Port Royale 4 oyununda dediğimiz gibi Karayipler’e gidiyoruz. Bu bölge de tabii ki birçok adacıktan oluşuyor. Bizler de kendi bölgemizi genişletirken, adaları birbirine bağlayarak genişletiyoruz. Bu adalar ve bölgeler arasında bir üretim zinciri kuruyoruz. En sonda da ürettiğimiz bu şeyleri diğer taraflara ticaret aracılığı ile satıyoruz. Tabii aynı zamanda da ticaret aracılığı ile bazı şeyleri satın almamız gerekiyor. Sonuçta, bizim adalarımızda her şey yetişmiyor ve üretilemiyor. Bu sayede de ticaret, oyunun odak noktasına, oldukça kompleks bir şekilde oturuyor.

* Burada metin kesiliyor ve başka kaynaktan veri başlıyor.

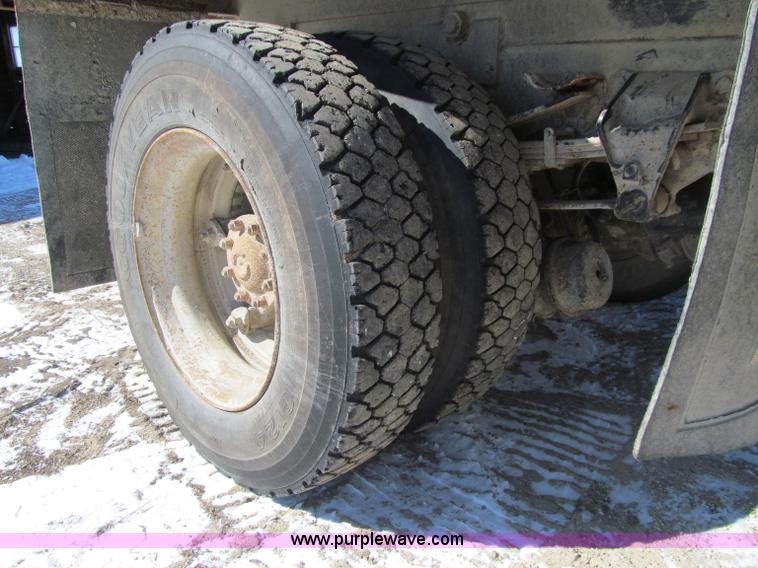 image for item D7242 1997 Ford N7000 dump truck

Tabii ticaret yapmak o kadar da kolay değil. Sonuçta, Karayipler’deyiz ve her şey deniz yoluyla gerçekleşiyor. Bu sebepten ötürü de Port Royale 4 oyununda gemilerimizin rotalarını ayarlarken, çok sığ sulara ve fırtınalara dikkat etmek gerekiyor. Mesela, çok değerli yükler taşıyan gemimizin karaya oturmasını veya fırtınaya yakalanmasını istemeyiz. İşte işin bu kısmında da strateji unsurları ve daha fazlası ile karşı karşıya kalıyoruz. Aynı zamanda belli başlı görevleri yapmaya çalışıyoruz, yeni özellikleri açıyoruz, diğer ülkelerle ve korsanlarla savaşıyoruz.

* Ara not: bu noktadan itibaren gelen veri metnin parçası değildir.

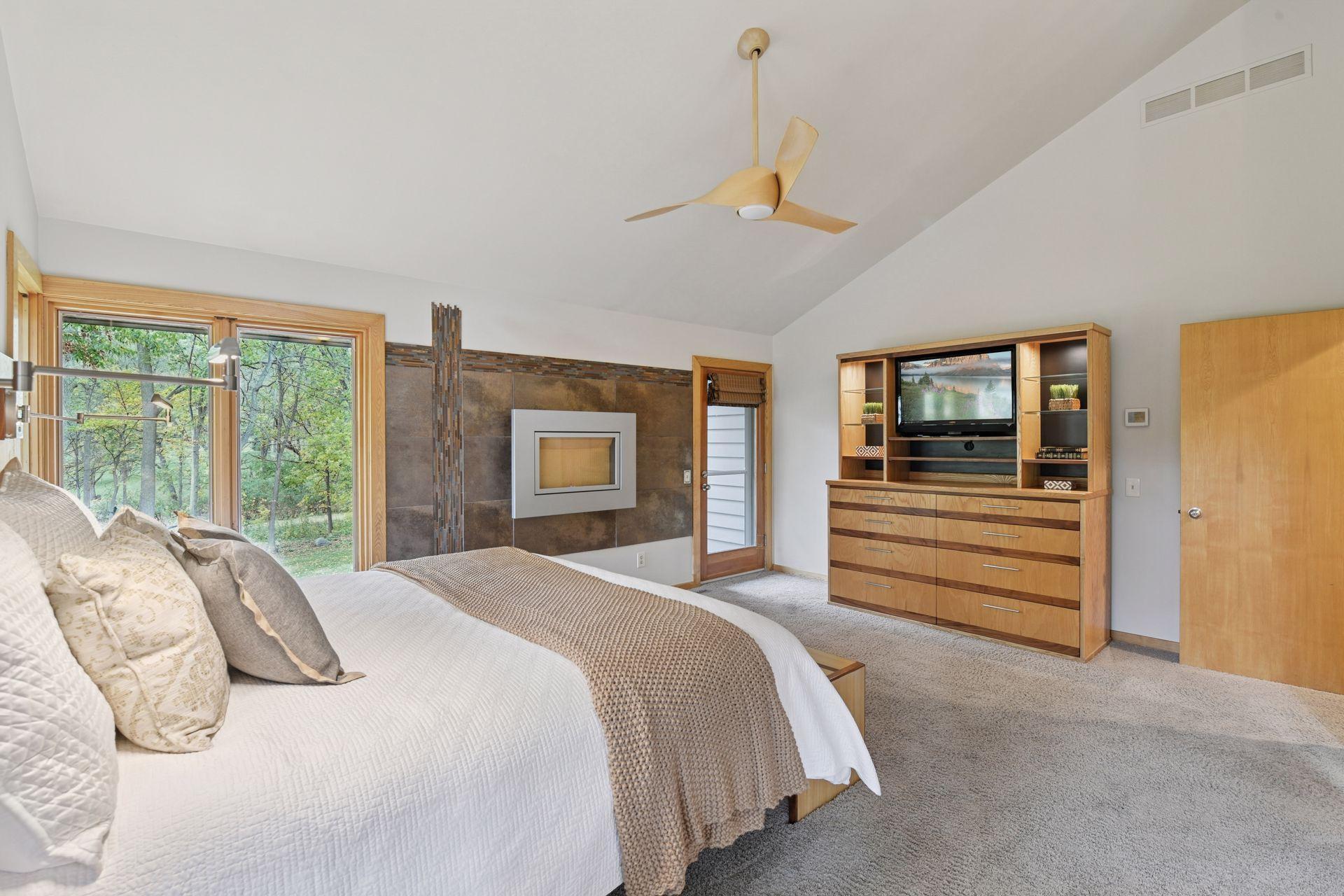 5880 Boulder Bridge Lane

Port Royale serisinde aslında gemi savaşları geçmişte biraz farklı işliyordu. Port Royale 4 oyununda ise temel sistem değişiyor ve karşımıza sıra tabanlı bir savaş mekaniği çıkıyor. Bu oyunda en fazla 8 farklı gemi, sıra tabanlı savaş mekaniğine dahil olabiliyor ve bu sayede de çok zor savaşları bile stratejik hamleler ile kazanabilmemiz mümkün oluyor. Serinin geçmiş oyunlarında bu ne yazık ki mümkün değildi ve ben açıkçası sıra tabanlı savaş sistemini bu oyuna oldukça yakıştırdım. Yalnız, ne yazık ki bu oyundaki her şey kusursuz değil; daha doğrusu, kusursuz bir şey yok.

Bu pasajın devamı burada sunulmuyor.